Some experts believe, however, that taking out the middle man goes beyond these simple benefits.
Swanepoel said cryptocurrency has the ability to "give power back to the people. To eliminate current social structures and systems that disenfranchise individuals. To provide the foundations of a system that’s transparent yet secure. Where corruption is exposed and rampant inflation ended."
Each cryptocurrency transaction is a unique exchange between two parties, which protects users from issues like identity theft.
"Cryptocurrencies can do this because of the technology that underpins them – blockchain," Swanepoel said. "Blockchain technology is decentralized. This means that no one person, institution or government has central control. Rather, it is the network that is in control. Policies are hardcoded in, and it cannot be manipulated to suit agendas."
This is another reason why governments feel threatened by digital currency. Crypto is more confidential and therefore a favored form of payment among criminals trading illegal goods and services. But there is also a general lack of trust in corporate and government operations, Swanepoel said.
"The financial system as it exists today is built on trust. But people no longer trust that it exists to help them – that it helps only people working in the industry," he said. "Cryptocurrency removes this need to trust people’s motivations."
Potential to help the "unbanked"
On a global scale, more people have access to the internet than they have to banks or other currency exchange systems. This opens the opportunity for underprivileged people to establish credit.
Swanepoel suggested that crypto could be the key to eradicating global poverty and corruption for this reason.
"Cryptocurrency is uniquely positioned at the apex of technology and finance. It has been lauded as a potential game-changer for society, poised to eliminate corruption, bank the unbanked, and redistribute wealth in a way that’s fairer and more equitable," Swanepoel said.

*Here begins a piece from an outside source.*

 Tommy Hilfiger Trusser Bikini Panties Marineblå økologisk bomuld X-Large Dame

During Luno's Pennydrop initiative, which shares the stories of ordinary people who use cryptocurrency, the company met "many people who first got into crypto because of its potential to help build a better society," he said. "Whether it was understanding something in the fundamental design of cryptocurrency ... or seeing first-hand its impact on a more personal level, there was a real belief that it could be used for good."

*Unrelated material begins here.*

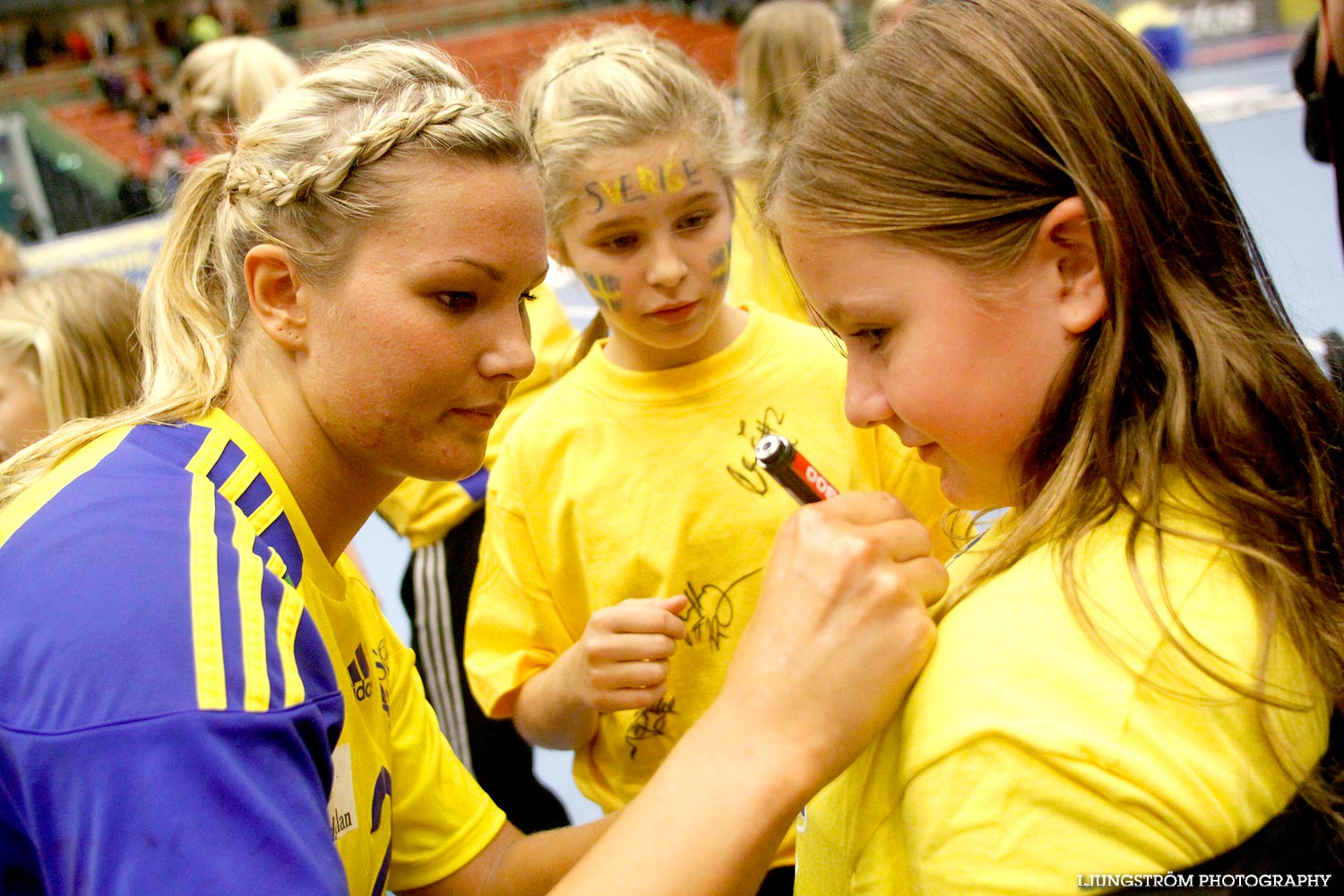 EM-KVAL Sverige-Slovenien 27-20,dam,Arena Skövde,Skövde,Sverige,Handboll,,2011,44059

Easier international exchanges
Cryptocurrency offers an opportunity for international business people or parties to make one-on-one exchanges online without the complications and added fees that traditionally come with international currency exchanges that involve third parties.
Cryptocurrency is happening now. The currency became a topic of interest when the world witnessed the sudden drastic rise and subsequent fall and steady rise again with Bitcoin between 2017 and 2019. It sparked interest and education. Now, cryptocurrency is becoming more a part of the everyday norm than some people realize.
"Cryptocurrency is money for the digital age. It leverages technology in such a way that it’s able to integrate seamlessly into the digital ecosystem. It is native to the internet, which allows it to work in conjunction with other technologies," Swanepoel said. "A square peg in a square hole. Not money as we know it today – a round peg in a square hole, developed and built for the analog age."
Maglan Capital Co-founder and President David Tawil similarly said technology, in general, has "rendered massive upheaval and disruption to every business line"
Now, that technology is moving into the way the world uses currency.
"It is the natural and logical next step in financial services in the world," Tawil said. "Once upon a time, shares of stock were physical and transferred physically; those shares are now entirely digital. Similarly, currency needs to be digital and global."